[DATA LISTING]

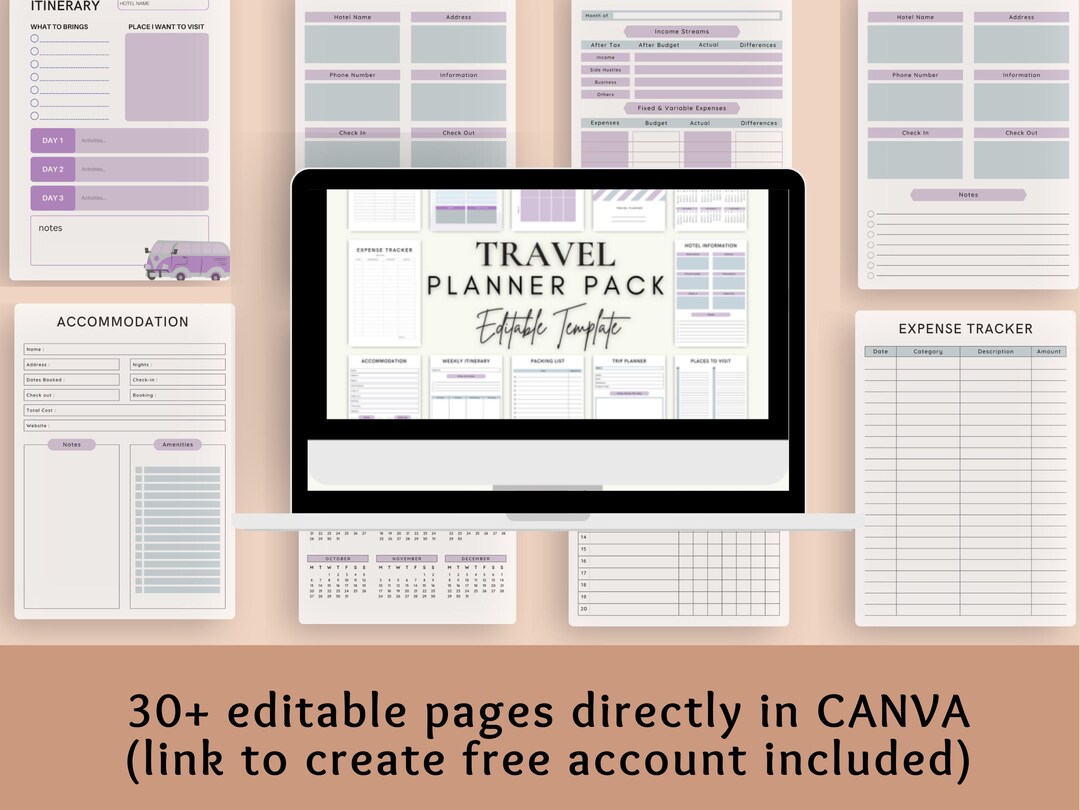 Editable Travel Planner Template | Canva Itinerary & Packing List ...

[/DATA LISTING]
[DATA LISTING]

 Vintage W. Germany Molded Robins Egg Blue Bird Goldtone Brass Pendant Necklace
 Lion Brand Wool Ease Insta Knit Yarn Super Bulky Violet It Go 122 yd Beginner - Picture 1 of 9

[/DATA LISTING]

**TASK ITEM**
Please, from the entries above, set down exactly the lines from the one containing "Vintage W. Germany" through the one containing "Lion Brand Wool", and only those.

**ANSWER SPACE**
 Vintage W. Germany Molded Robins Egg Blue Bird Goldtone Brass Pendant Necklace
 Lion Brand Wool Ease Insta Knit Yarn Super Bulky Violet It Go 122 yd Beginner - Picture 1 of 9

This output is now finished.